Wednesday, September 23, 2015

Personal Pronouns, Pretty Please!

'He' and 'she' just don't cut it for some of us, but fortunately there are other options! Those of us living outside of the binary may choose pronouns you aren't used to using or haven't heard of before! So, cis friends, some requests:
Please don't complain about non-binary pronouns (or changes in binary pronouns). 
[image description: six nametags reading: Hello, Address
me as (blank) Please Use: They, Them, Theirs; He, Him,
His; (blank); She, Her, Hers; Ze, Hir, Hirs; Xe, Xem, Xyrs]
I think most trans people can acknowledge that changing pronouns can be challenging, and that it can take time to get used to using pronouns you haven't heard of before (like, maybe, ey/em/eir/eirs/eirself or xe/xir/xir/xirs/xirself). My personal pronouns are they/them/their/theirs/themself. Personally, I don't want to correct people all the time, so please just practice and hold yourself accountable. If you mess up, just briefly apologize and correct yourself. Please don't dwell on it. And seriously, don't complain about it! What does that do but make your trans friend feel guilty for asking to be acknowledged as who they are?! If you want to be an awesome ally and friend, one thing you can do is practice using the correct pronouns. As I told my friends, go ahead and talk about me! Lol. There are websites that can help you practice different pronouns, too, like the pronoun dressing room, which also has a pretty good sized list of personal pronoun options. (a note: if you are practicing with they/them pronouns on that website, click "plural." Even though it is singular, the common way to use it is as though it were plural, grammar-wise.)
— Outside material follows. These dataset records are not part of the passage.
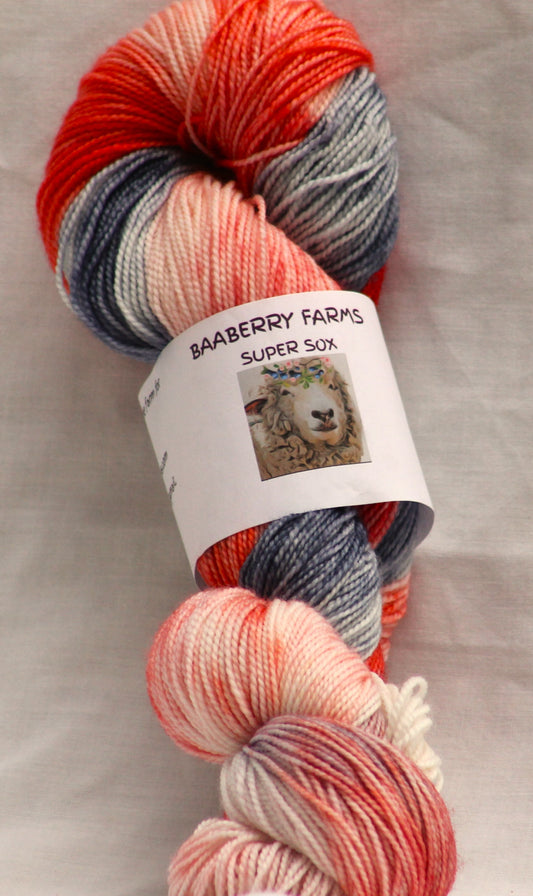 Sock/ fingering weight yarn, Americana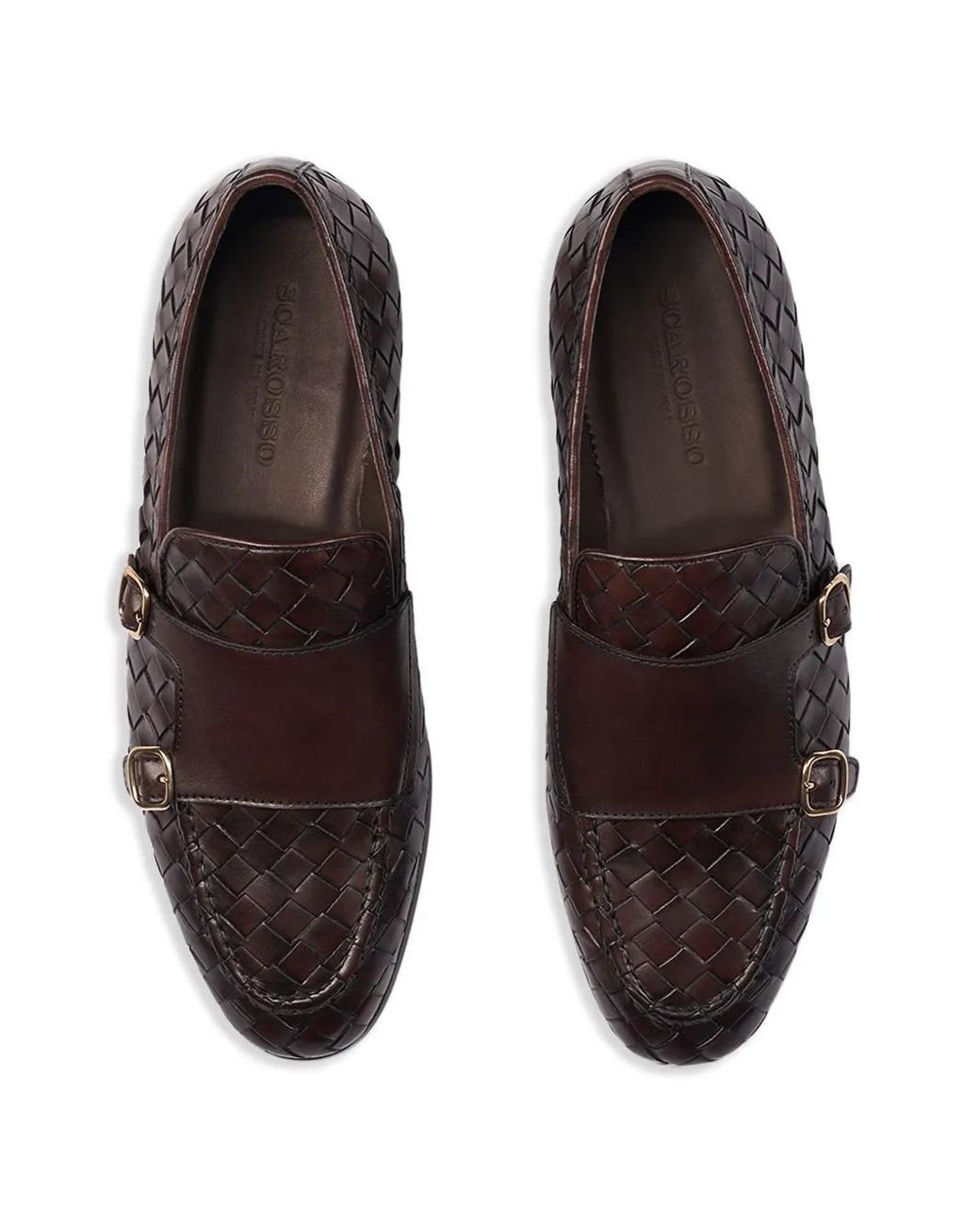 Scarosso Black Leather Loafers for men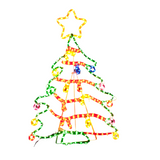 Darrahopens Occasions > Christmas > Outdoor Decorations & Lights Samland Christmas Tree Motif Rope Light Large 118cm Height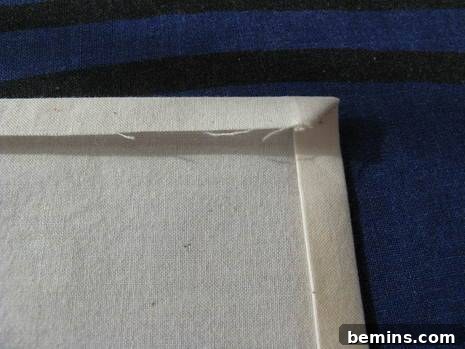 Folding and pressing the top and bottom edges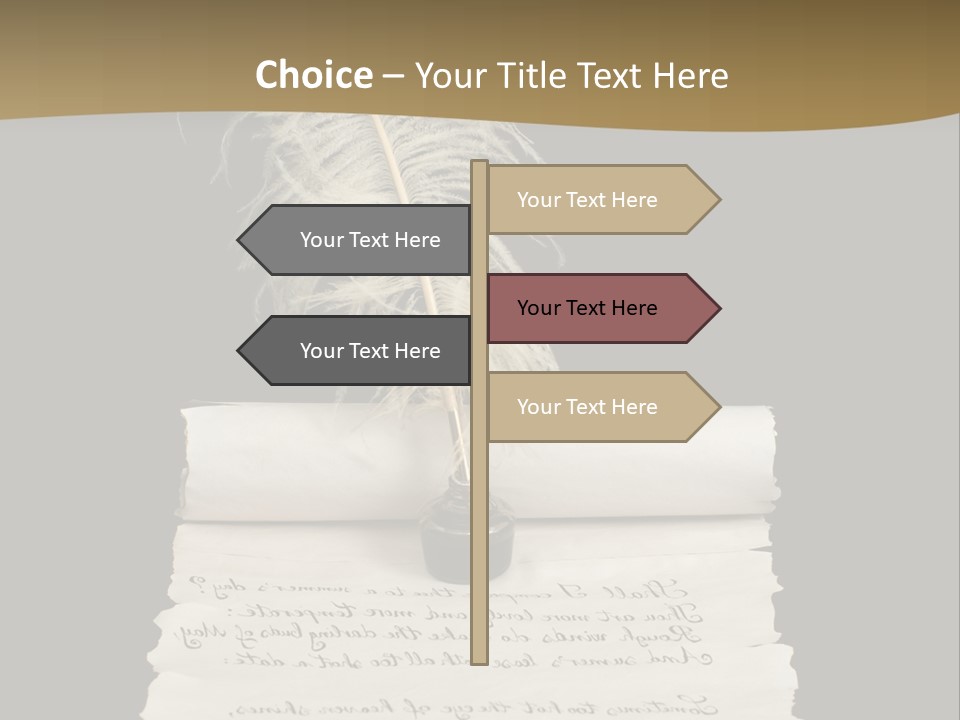 Closeup Focus Selective PowerPoint Template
It should go without saying, but unfortunately this needs to be said, too:
Don't argue with someone about their pronouns. It's not up to you what pronouns people use. Using the correct pronouns is a matter of respect. Don't complain about grammar (seriously, 'singular they' has been used in language for a long time.... person 1: "My friend just got into a car accident!" person 2: "Oh no, are they okay?"). Don't tell someone their pronouns aren't real. We live in a society that has been oppressively shaped by patriarchy where only "he" and "she" are recognized as valid. Non-binary people deserve to exist and be acknowledged for who they are, and sometimes creating new pronouns or using less common pronouns is one way to do that. Just because someone's personal pronouns haven't made it into the dictionary yet, doesn't mean they aren't real! Saying so is just close-minded.
[image description: Text: Pronoun Dos and Don'ts: When someone asks you to use a different pronoun: DON'T: cartoon of a person saying, "What? 'Zie' isn't a real pronoun. Don't you have something more normal that you use? DON'T: Cartoon of a person saying "But it's not grammatically correct to use 'they' as a singular pronoun." WHY? You are not being asked to evaluate this person's gender identity or preferred terminology. (Also, I have not yet witnessed a verson of this conversation in which the person arguing is actually correct.)] from Robot Hugs. http://robothugscomic.tumblr.com/post/97107162945/new-comic-pronouns-right-super-weird-little

Non-binary trans people don't choose their pronouns to make life difficult for cis people. We choose our pronouns to feel validated as who we are. We choose different pronouns because "he" or "she" never felt right. If you have never had to think about your pronouns, if your pronouns are in the dictionary and used by society at large, that is a privilege that many non-binary folks don't have.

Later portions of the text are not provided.